Incantation de l’espace, décantation du texte. Pendant des années j’ai suivi ce mouvement pendulaire qui passe du « voir » au « donner à voir », la parole naissant non pas de l’exotisme qui n’est que preuve de malentendu, mais d’une géographie concrète patiemment investie et subie […] Pour les vagabonds de l’écriture, voyager c’est retrouver par déracinement, disponibilité, risques, dénuement, l’accès à ces lieux privilégiés où les choses les plus humbles retrouvent leur existence plénière et souveraine.73

22L’Iran apparaît alors comme ce lieu saillant dans L’Usage du monde, comme l’archétype de ce que représente le voyage pour Bouvier mais aussi l’écriture, entre « incantation » et « décantation », « émerveillement » et « moments qui vous saignent74 ». Car si l’Iran constitue bien l’acmé heureuse des voyages de Bouvier, il contient déjà en germe la déréliction à venir du Poisson-Scorpion, la mélancolie qui sourd, en écho aux poèmes d’un Hafiz évoquant l’amour perdu, la solitude et la mort. Ce renversement soudain du bonheur en quasi terreur apparaît de manière saisissante à Ispahan : la ville est identifiée à « l’émerveillement » pour devenir ensuite, à peine quelques lignes plus loin, « cette ville impalpable, ce fleuve qui n’aboutit nulle part », tels un « effondrement », un « refus », une « absence75 ». Ici, aucun motif n’est donné à ce changement de point de vue radical, si ce n’est l’idée que « des paysages vous en veulent et qu’il faut [les] quitter immédiatement76 ». Le voyage, qui a épuisé les gens comme les lieux, qui en a fait le tour, aboutit à une très brève conclusion sur l’Iran qui tourne court et va à l’encontre de l’émerveillement maintes fois rappelé dans ce long récit sur l’Iran. D’un seul coup, le pays célébré comme le centre de l’humanité, de la poésie, l’incarnation même de la découverte de soi par le biais de l’écriture, devient « un vieillard malade » que « nous détestions77 » – et cette fuite est comme l’annonce, et le signe, de la difficulté à écrire ces moments, cette « livre de chair de Shylock », cette ascèse de l’écriture qui suppose justement de se débarrasser du trop-plein, de ce qui encombre et étouffe78. La trajectoire de Bouvier va donc de l’illumination à la mort, à travers un Iran millénaire saturé de mots et de choses.
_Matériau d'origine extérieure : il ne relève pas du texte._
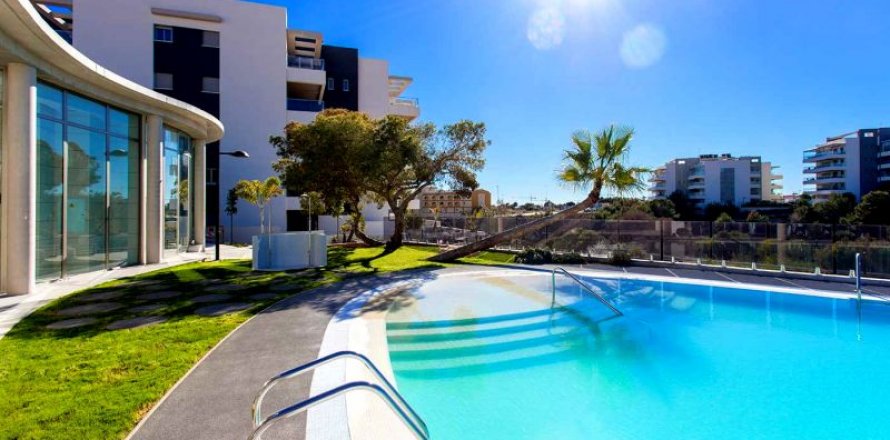 Penthouse w Villamartin, Alicante, Hiszpania 3 sypialnie, 146 mkw. nr 43447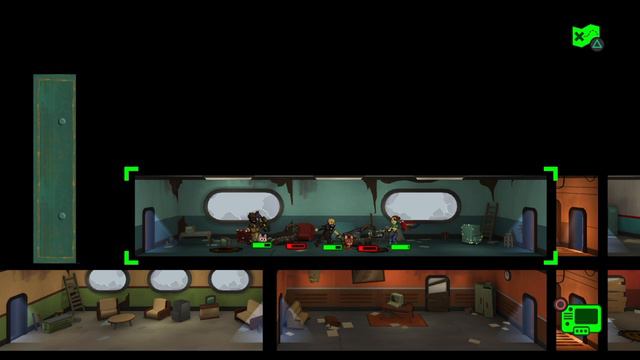Factory Floor Of Fear - Fallout Shelter смотреть онлайн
23Bouvier fait plus ici que renouveler le genre du voyage en orient : il relie l’Iran aux origines de l’histoire et de la poésie, faisant de son expérience non pas un décentrement mais, à rebours, un retour au centre du monde. L’émerveillement que ce pays lui offre s’incarne alors en une naissance à l’écriture et à soi-même :

Vous dites que je suis miniaturiste79… Pas de meilleur mot : il faut réduire ce vécu immense, ces vertigineuses parois de glace ou de sable, aux moyens minuscules dont nous disposons, contre nos limites, notre niaiserie congénitale, nos blocages, nos peurs, nos carences du langage et de liberté80.

24Bouvier, tel Perec, épuise complètement l’Iran, fait un usage de ce monde usé, non par un récit distancié ou exotique, mais par l’émerveillement du regard. Il rend ainsi leur épaisseur aux mots et aux choses, entre prose et poésie, vide et plein, pour « rendre à la vie l’Orient81 ».